Vivir sin normas es algo a lo que los seres humanos no estamos del todo habituados, y hoy los hombres enfrentan uno de los mayores retos de su historia, adaptarse a una realidad digital con leyes y límites imprecisos, a una realidad que cambia exponencialmente y que los hace de nuevo, como desde la antigüedad, indefensos ante los cambios drásticos, ante los retos inusitados; indefensos ante un vértigo y una dimensión que los supera: el universo digital.

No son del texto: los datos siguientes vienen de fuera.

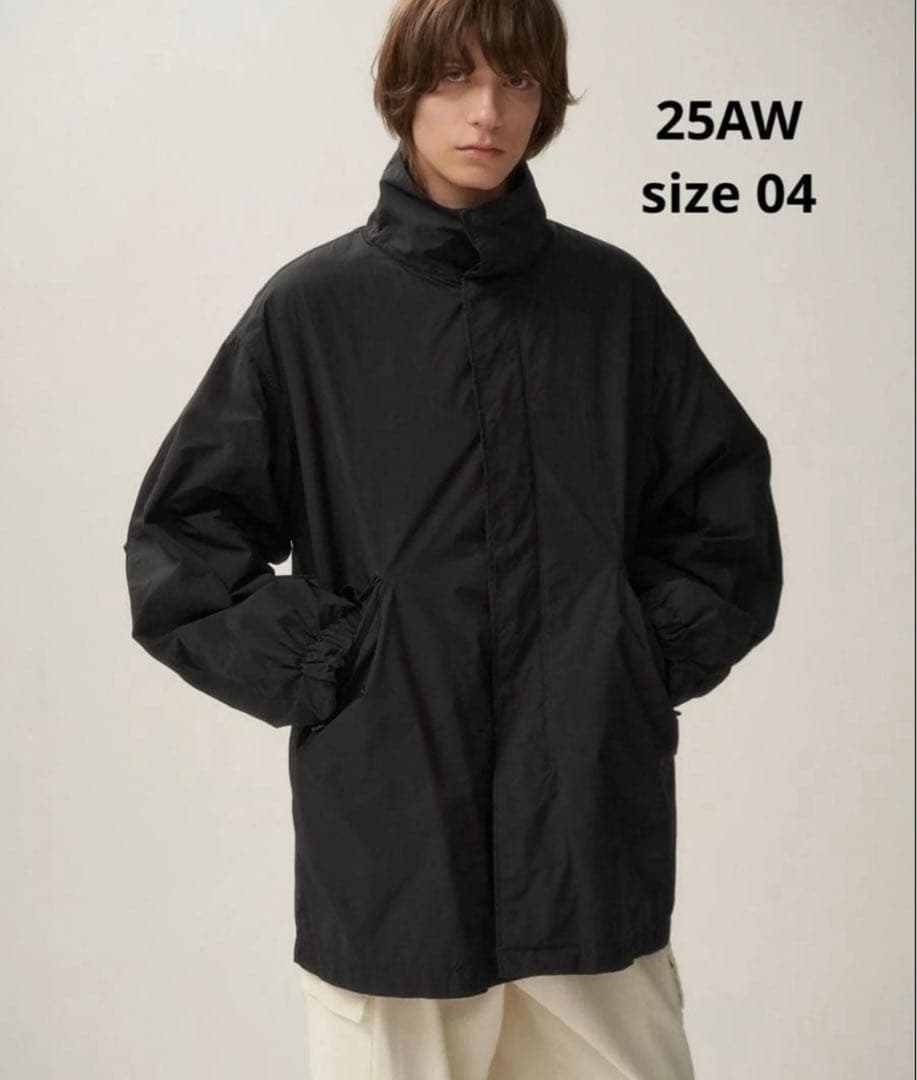 新品 25AW ATON 定番AIR WEATHER ショートモッズコート 04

Confuso está siendo entender el devenir de la vida, pues hay uno que regla, prohíbe y penaliza nuestras conductas en la realidad y otro que permite, promueve y estimula el caos en la meta-realidad. De una función estatal en la que descansaba el control social se pasa a una supremacía de las corporaciones digitales, las cuales permean los vacíos que dejan las leyes existentes para su beneficio, mientras fascinan cada vez más con los “sorprendentes” avances de la tecnología y con el espejismo de presumir que “los hombres [en ella] no se sienten prisioneros, sino que viven en la ilusión de la libertad¨, pero que, en últimas, estimulan su aislamiento, y con él, una profunda crisis existencial, como lo advierte Byung Chul Han en su texto En el enjambre, cuyo título ya adelanta la visión de un mundo tumultuoso en información, sin selección ni sentido.

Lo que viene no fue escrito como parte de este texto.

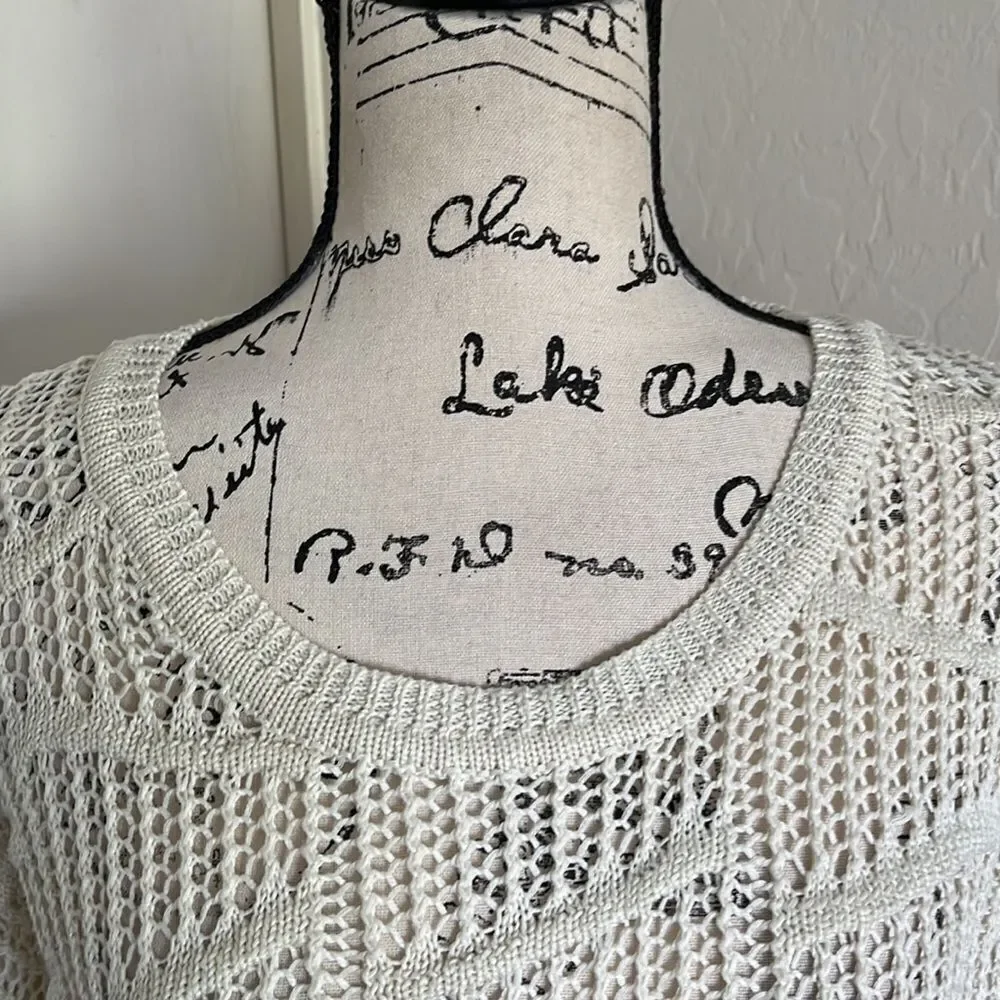 POL Cream Color Sheer Sweater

Así, el conductor de un taxi es multado si su taxímetro está descalibrado, mientras que el que conduce un auto solicitado a través de una plataforma digital subasta a su antojo el valor de su servicio. Lo mismo ocurre con los servicios hoteleros autorizados y los apartamentos ofertados en red, pues en la mayoría de los casos en la mediación no hay contacto físico entre el que ofrece el servicio y el usuario temporal que los renta: las ofertas son vagas, dudosas de credibilidad y desventajosas para el cliente, que los cancela con transferencias a través de plataformas digitales sin mucho sustento legal que dificultan la trazabilidad de las transacciones.
Vivimos en un mundo dual que varía según el lugar donde se actúa y, así, el discurrir cotidiano y el discurrir de las redes parecieran ser escenarios distantes, mundos distintos. La velocidad de los acontecimientos ha diferenciado el contexto del día a día, del día a día de los avances de la comunicación y la información, que imponen códigos de actuación en los que la ética muta con rapidez de un amplio referente social a un precepto individualista, movido la mayoría de las veces más por la facilidad y la inmediatez, sin que importe la reflexión, la lucidez de una conciencia alerta.

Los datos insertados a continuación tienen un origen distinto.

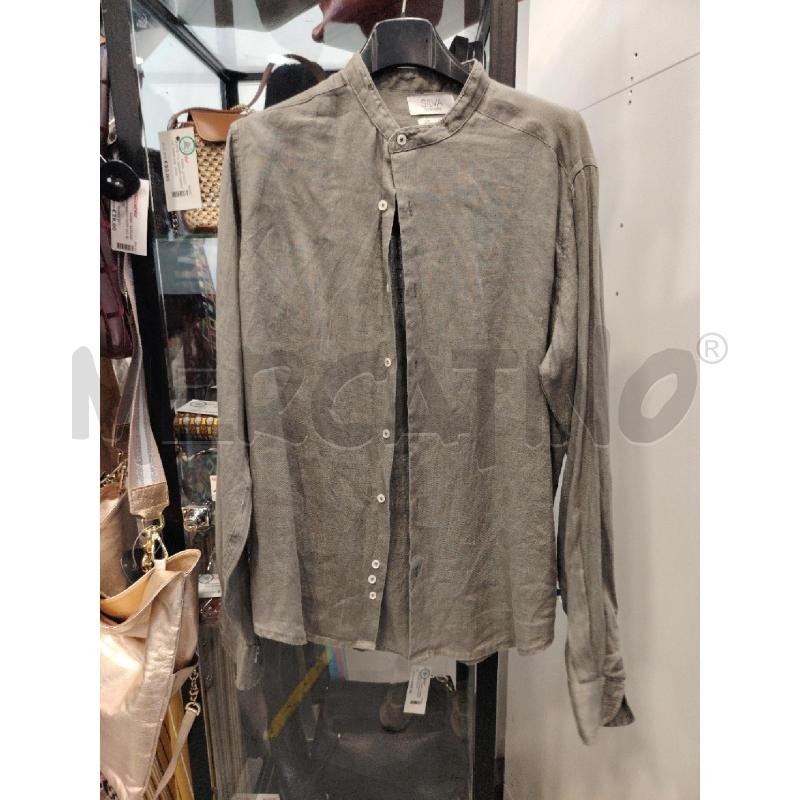 CAMICIA D SILVA LINO VERDE | Mercatino dell'Usato Roma eur 1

En este entorno en el que los avances cibernéticos prometen agilidad y libertad en la escogencia de ofertas, el “todo vale” es un espejismo que arroja nuevamente a los hombres a parajes oscuros que ya en otras épocas había recorrido y que, por esa necedad de desconocer su pasado, ha enviado al olvido, esas épocas en las que los individuos tenían el libre albedrío de hacerse con la vida y los bienes de los otros, y los indefensos solo tenían como opciones asentir o morir.
Limitar o desaparecer. Este es el dilema. Debemos entonces aprender qué hay que repasar y aplicar antes de traspasar ese punto de no retorno en el que no se puede decidir ni actuar, en el que estamos enajenados, pues la bola de nieve de los adelantos tecnológicos, sin respuestas a las verdaderas necesidades de las comunidades, ya cuesta abajo, va tan rápido y con tanta fuerza que detenerla será una vaga ilusión.